Putin Worried about ‘Stab in the Back’ – His Own and at Home, Ukrainian Commentator Says



Paul Goble

            Staunton, December 3 – Often the words someone uses in one context say more about what that individual is thinking about another context than he or she intends. Such it is, Roman Rukomeda argues, with Vladimir Putin’s description of the shooting down by Turkish forces a Russian warplane that violated Turkey’s airspace as “a stab in the back.”

            The Kremlin leader, the Ukrainian commentator says, when he looks in the mirror, sees “a collective Brutus behind his back” which is ready to remove him from the scene by one means or another, any of which would in his eyes constitute “a stab in the back.” That being on his mind, Putin uses this term more generally (unian.net/politics/1200838-kogda-pridet-brut.html).

            The Russian president, Rukomeda says, has shown that “he fears a stab in the back more than anything else” and that he already has “the sense that Brutus is already somewhere alongside and is preparing a mortal strike on the Kremlin Caesar.”  According to the Ukrainian commentator, there are “more than enough” reasons for that conclusion.

            “The current Putin regime,” he writes, “is a colossus with feet of clay,” one of which consists of failures in foreign affairs and the other of shortcomings in domestic policy.  Putin’s policies in Ukraine and now in Syria have not worked out as he planned or, equally important, as he promised.
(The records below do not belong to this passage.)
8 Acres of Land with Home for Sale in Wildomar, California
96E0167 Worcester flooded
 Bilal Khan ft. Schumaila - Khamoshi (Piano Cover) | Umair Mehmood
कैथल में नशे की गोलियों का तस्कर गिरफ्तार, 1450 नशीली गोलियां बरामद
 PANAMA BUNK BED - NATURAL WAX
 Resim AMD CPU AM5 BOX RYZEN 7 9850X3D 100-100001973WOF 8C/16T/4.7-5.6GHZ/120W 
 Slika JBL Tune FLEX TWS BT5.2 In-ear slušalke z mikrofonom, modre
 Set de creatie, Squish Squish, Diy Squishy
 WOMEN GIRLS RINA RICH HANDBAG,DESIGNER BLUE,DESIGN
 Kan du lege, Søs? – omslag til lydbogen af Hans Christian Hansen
And both appear likely to impose ever more costs on Russia.

            Moreover, the allies he hoped to pick up or keep have turned on him. China has announced plans to build a railway around Russia. Kazakhstan and even Belarus have not been reliable. And the West, despite some vacillation, is increasingly committed to containing Russia and pushing back against Putin’s aggressive actions.

            Domestically, Putin’s situation is no better.  The long haul truckers have presented him with a challenge he didn’t expect. Tatarstan is pushing for the return of sovereignty and other republics will follow suit.  And former finance minister Aleksey Kudrin, who has been a Putin critic, appears likely to return to the center of power, possibly replacing Putin’s partner Dmitry Medvedev and then perhaps Putin himself.

            Obviously, in any such situation, “there are many possibilities,” but history does appear to be speeding up and Putin’s time just like those of his dictatorial predecessors may very well be coming to an end.  Indeed, the Kremlin leader’s talk of “a stab in the back” is perhaps the best evidence that this is so, Rukomeda says.

            In this situation, what is most important for Ukraine and indeed for the entire rest of the world is to be ready and to work toward “depriving Russia today of any weapons of mass destruction and bringing to responsibility the numerous Kremlin criminals who bear responsibility for the deaths of thousands of Ukrainian citizens.”